Photo credit: https://sydneylivingmuseums.com.au

 

It’s an old Jewish joke that when there are two Jews, three synagogues are needed. They each have their own ideas about how the prayers should be conducted. Prior to visiting the Great Synagogue in Sydney, Australia, I left a message identifying myself as an ordained rabbi from Los Angeles who was interested in the synagogue’s history. I don’t know which of the two or more Jews got my message, but no one seemed to be aware of it when I arrived. However, at least there was a synagogue to receive me, a grand one. Often referred to as “The Jewish Cathedral,” it was established in 1878.*

But a hundred years earlier in 1788, when the first few Jewish convicts were transported to New South Wales on the First Fleet to serve out their harsh sentences, there were no synagogues yet, not even one. As a matter of fact, when the first Jewish convict died that same year, there were no Jewish burial rites or sites.

Although only ten Jews are required to make a minyan (while each person can pray individually, developing communal values is considered essential in Jewish life, and the Torah cannot be read aloud without a minyan). The idea is to gather enough participants to make a kehilla, a little community. Eventually — some three decades later – there were enough Jewish convicts –about 30 of them — to gather together for regular worship. Towards the end of the 1820s, a few free settlers joined the congregation as well, led by a young man recommended by the Chief Rabbi in London.

So now there was one synagogue for 30 plus Jews. Oy veh! That wouldn’t do. They argued and argued about different ways of conducting services in the synagogue. And other things. It goes without saying that a rival congregation was immediately started, led by a young man who didn’t have a recommendation from London. Who cared? Now they had two synagogues. The number of free Jewish settlers grew to 25. After a lot of negotiation, and helped by a rabbi who who had traveled to Australia, the congregation united. They were one.

It turned out that some of the free Jewish settlers had influential ties (to the Montefiore family, for example), and the Australian government finally recognized the Jewish congregation in 1831. The little congregation celebrated their first High Holy Days together a few months later on George Street in a room above the store of one of the congregants. There was a bona fide Jewish congregation in New South Wales, Australia.

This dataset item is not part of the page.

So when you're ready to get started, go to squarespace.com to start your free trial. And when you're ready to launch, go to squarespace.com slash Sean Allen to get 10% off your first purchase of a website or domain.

From this small beginning, under the leadership of their first actual rabbi, Rev. Michael Rose, the congregation grew to 300 people and soon had to take larger facilities on Bridge Street and then, only a decade later, on York Street, in a 500-seat building designed by James Hume. By this time, non-Jews were also taking interest in the synagogue and contributing to the project. Amazing.

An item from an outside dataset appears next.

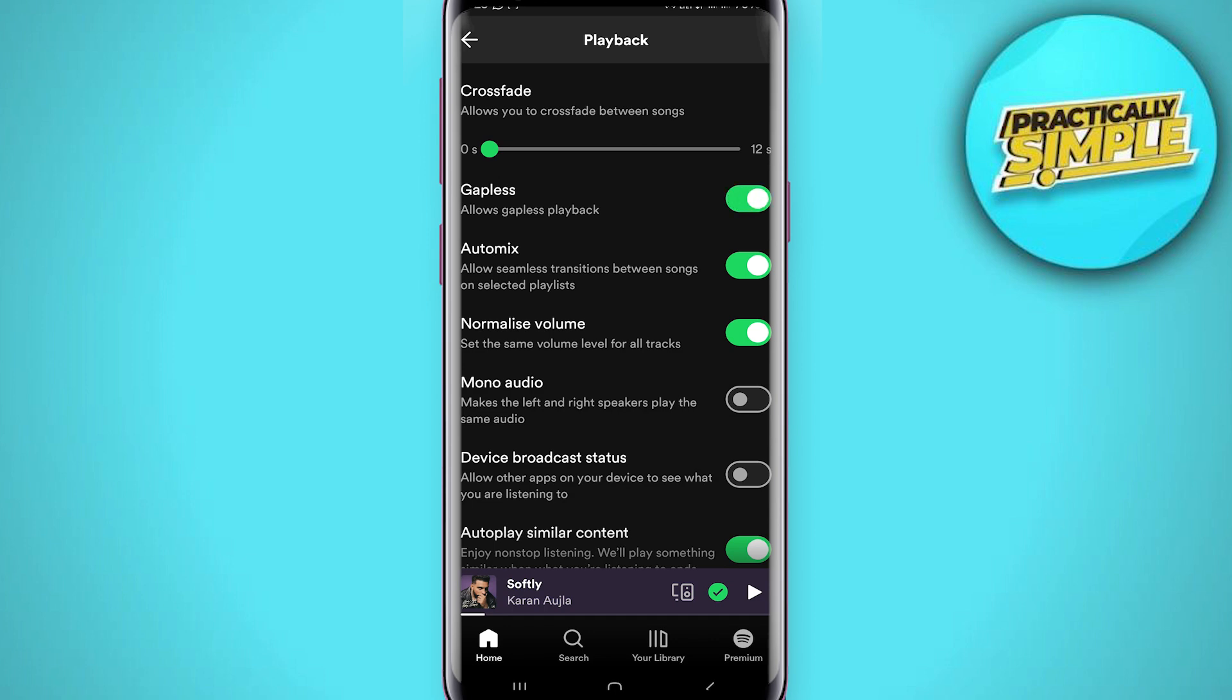There's also another option here which is automix, and this essentially allows beat-matched seamless transitions between songs on select Spotify playlists. This is similar in the sense that it's almost like your own free DJ, and if you want to turn that on, go ahead.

What had boosted the Jewish population and made this phenomenal growth possible? Follow the money, they say. The Gold Rush of the 1850s attracted Jewish settlers!  Unfortunately, their different circumstances led to conflict between the old and new settlers so that – you guessed it! — a rival synagogue was again established.

Finally, almost a century after the first Jewish convict died in Australia without Jewish burial rites, the rival synagogues united, and the Great Synagogue was born on Elizabeth Street, where it still stands. The religious services, complemented by fine liturgical talent, were – and still are – traditional in nature. It was 1878.

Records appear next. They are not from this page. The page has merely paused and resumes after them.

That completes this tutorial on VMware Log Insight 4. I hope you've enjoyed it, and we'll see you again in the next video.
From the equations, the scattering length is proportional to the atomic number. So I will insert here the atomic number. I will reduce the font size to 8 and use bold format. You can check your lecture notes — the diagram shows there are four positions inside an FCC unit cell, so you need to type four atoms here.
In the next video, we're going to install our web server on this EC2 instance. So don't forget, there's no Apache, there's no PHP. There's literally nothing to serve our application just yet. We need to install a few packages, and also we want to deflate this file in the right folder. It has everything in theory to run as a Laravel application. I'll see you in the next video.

In the formal and elegant fashion of the time, the Great Synagogue was built to generate awe at its stately magnificence, both outside and inside. There are stained glass windows and gold stars on the ceiling (added in later years) to intensify the light. It’s gorgeous.. An education center, auditorium, memorial center, and library were added over the years. The Great Synagogue still boasts many activities, but the elderly volunteers told us that the whole congregation is aging and, by attrition, dwindling.

As my visit drew to a close, I noticed that there were mincha (afternoon) services scheduled for 1:30 PM. “I’d love to join in prayer at the mincha service,” I said to the knowledgeable woman who gave us an informational talk. “Would that be possible?” I asked.

“Well, it’s usually just the men,” she answered hesitantly, and then added, “I suppose we could put up a screen for you.”

“Thank you,” I replied, “but since my time in Sydney is short, I think it would be better spent at the Jewish Museum than behind a screen.”

“Oh, that’s great,” she said in relief. “There’s a bus that will take you to the Museum that stops right in front of our door.”

So with an exchange of smiles and good wishes, my daughter and I left for the Jewish Museum of Sydney, where I promptly bought a purple kippah with an aboriginal design.

With the dispersion of young families to the more affordable suburbs around Sydney, there are a number of thriving, suburban synagogues today – Reform, Conservative, and Modern Orthodox — and most have egalitarian seating.  Female rabbis who visit Sydney are not obliged to sit behind a mehitza (screen or wall) in order to pray there, if they do not choose to do so.

So you see, it’s true. When you have two Jews, you need three synagogues.

 

*For those who are interested in more historical detail about the Great Synagogue’s history, a book by the Rabbi Emeritus, Rabbi Dr. Raymond Apple, is available: The Great Synagogue: A History of Sydney’s Big Shule, UNSW PRESS, 2008.